**What the exercise asks**: Your reply should consist of the entries, copied exactly and stripped of images.

• • •

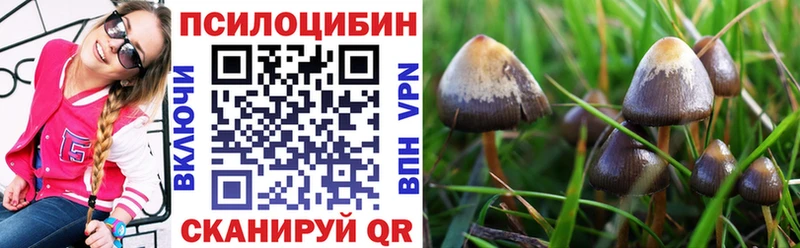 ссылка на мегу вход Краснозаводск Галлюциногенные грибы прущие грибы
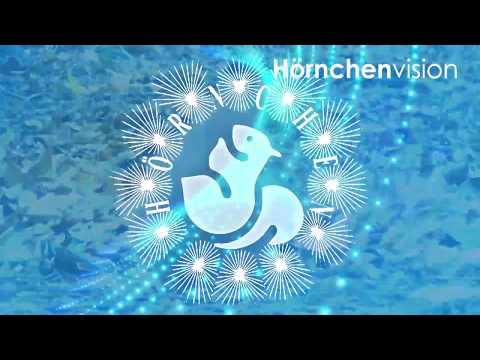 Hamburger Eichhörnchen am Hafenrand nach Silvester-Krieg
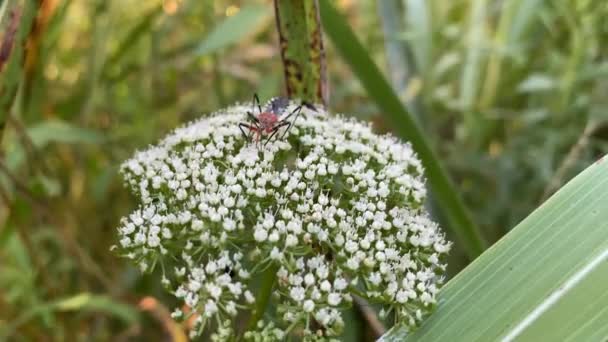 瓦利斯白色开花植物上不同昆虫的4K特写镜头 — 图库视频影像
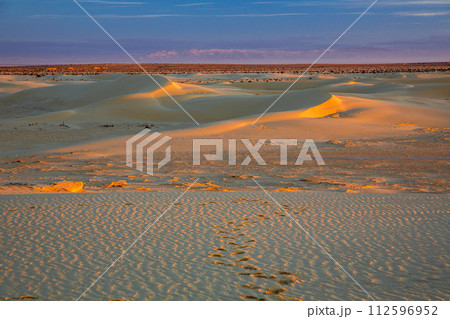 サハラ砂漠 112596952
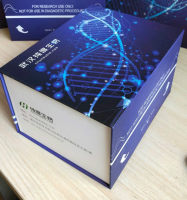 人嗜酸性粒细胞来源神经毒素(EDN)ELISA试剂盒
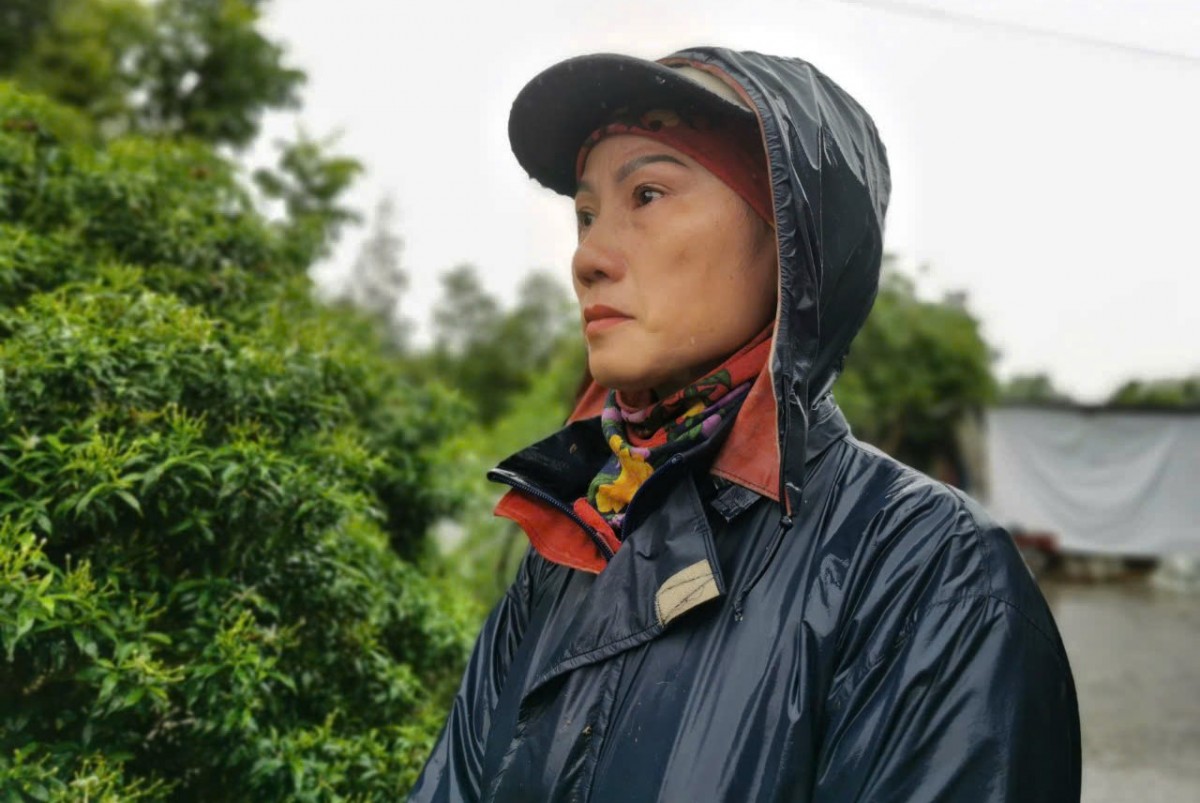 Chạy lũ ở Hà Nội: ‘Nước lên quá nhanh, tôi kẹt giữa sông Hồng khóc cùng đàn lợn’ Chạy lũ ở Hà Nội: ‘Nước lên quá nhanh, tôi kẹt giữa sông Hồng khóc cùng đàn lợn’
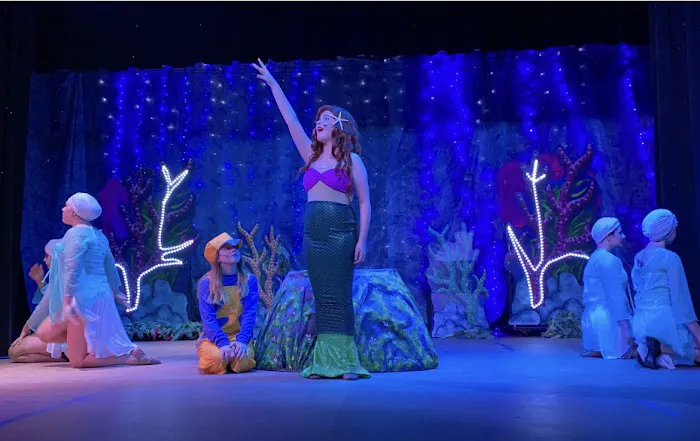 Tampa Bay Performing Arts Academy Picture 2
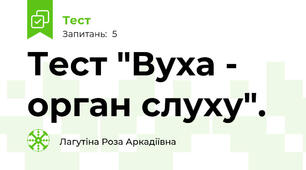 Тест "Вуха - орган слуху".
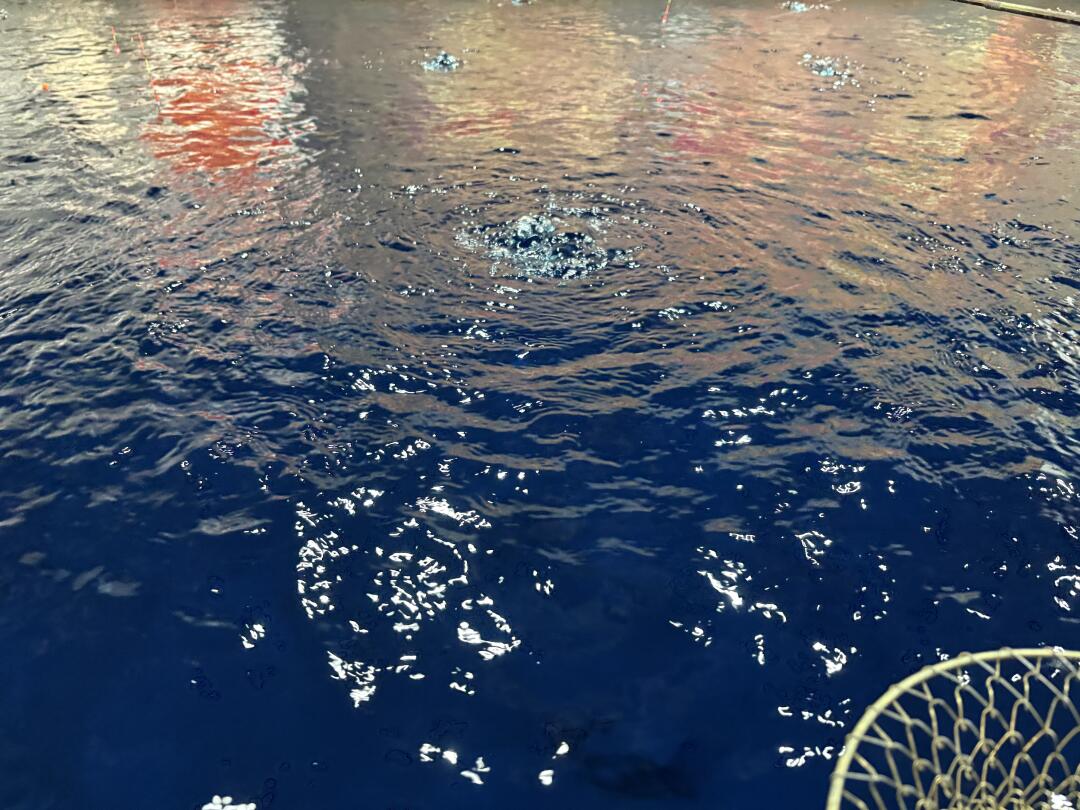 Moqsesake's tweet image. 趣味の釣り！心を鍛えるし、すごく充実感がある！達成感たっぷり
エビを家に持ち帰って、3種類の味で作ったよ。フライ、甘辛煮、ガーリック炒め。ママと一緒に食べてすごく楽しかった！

• • •

**Your response**:
 ссылка на мегу вход Краснозаводск Галлюциногенные грибы прущие грибы
 Hamburger Eichhörnchen am Hafenrand nach Silvester-Krieg
 瓦利斯白色开花植物上不同昆虫的4K特写镜头 — 图库视频影像
 サハラ砂漠 112596952
 人嗜酸性粒细胞来源神经毒素(EDN)ELISA试剂盒
 Chạy lũ ở Hà Nội: ‘Nước lên quá nhanh, tôi kẹt giữa sông Hồng khóc cùng đàn lợn’ Chạy lũ ở Hà Nội: ‘Nước lên quá nhanh, tôi kẹt giữa sông Hồng khóc cùng đàn lợn’
 Tampa Bay Performing Arts Academy Picture 2
 Тест "Вуха - орган слуху".
 Moqsesake's tweet image. 趣味の釣り！心を鍛えるし、すごく充実感がある！達成感たっぷり
エビを家に持ち帰って、3種類の味で作ったよ。フライ、甘辛煮、ガーリック炒め。ママと一緒に食べてすごく楽しかった！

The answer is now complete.